• **Task prompt**:
Restate the listing below word for word. No picture belongs in the result.

• **Data excerpt**:
= Beginning of Section =

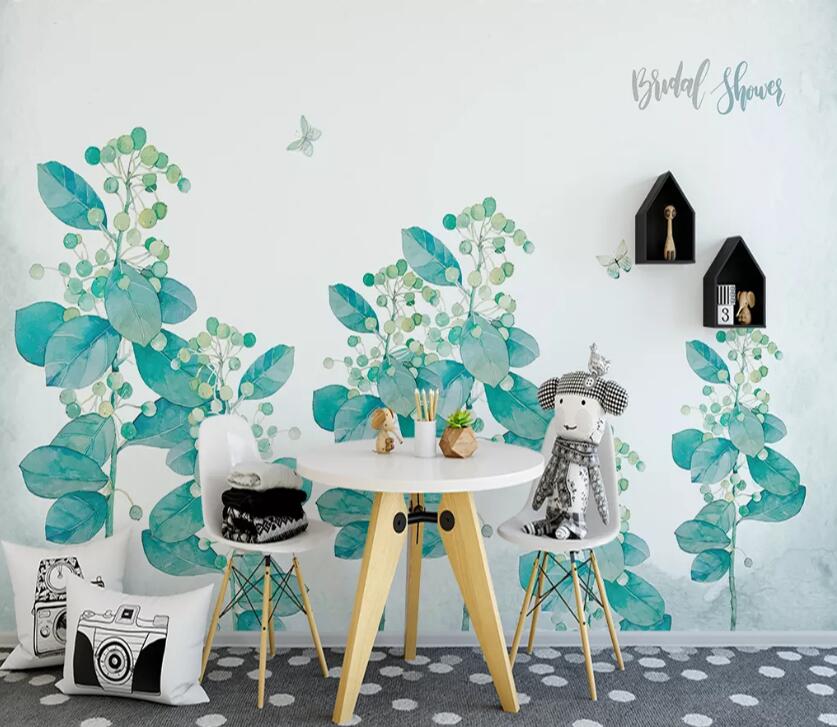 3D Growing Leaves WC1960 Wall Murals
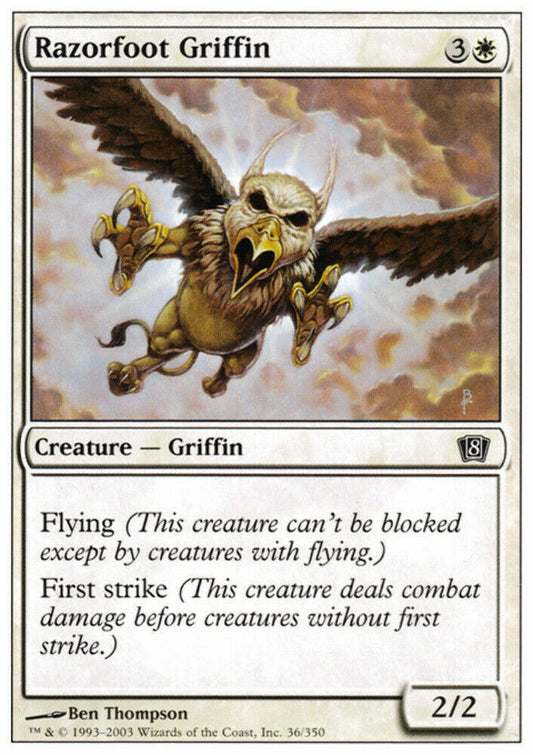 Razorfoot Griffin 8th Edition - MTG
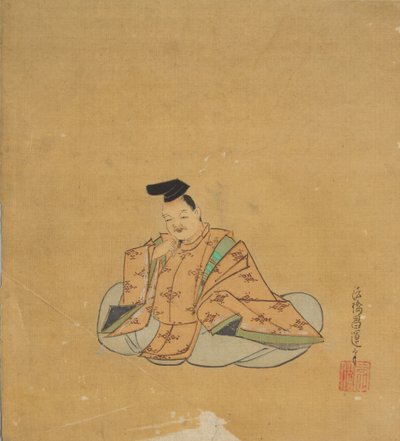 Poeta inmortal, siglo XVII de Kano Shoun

= End of Section =

• **Exercise answer**:
 3D Growing Leaves WC1960 Wall Murals
 Razorfoot Griffin 8th Edition - MTG
 Poeta inmortal, siglo XVII de Kano Shoun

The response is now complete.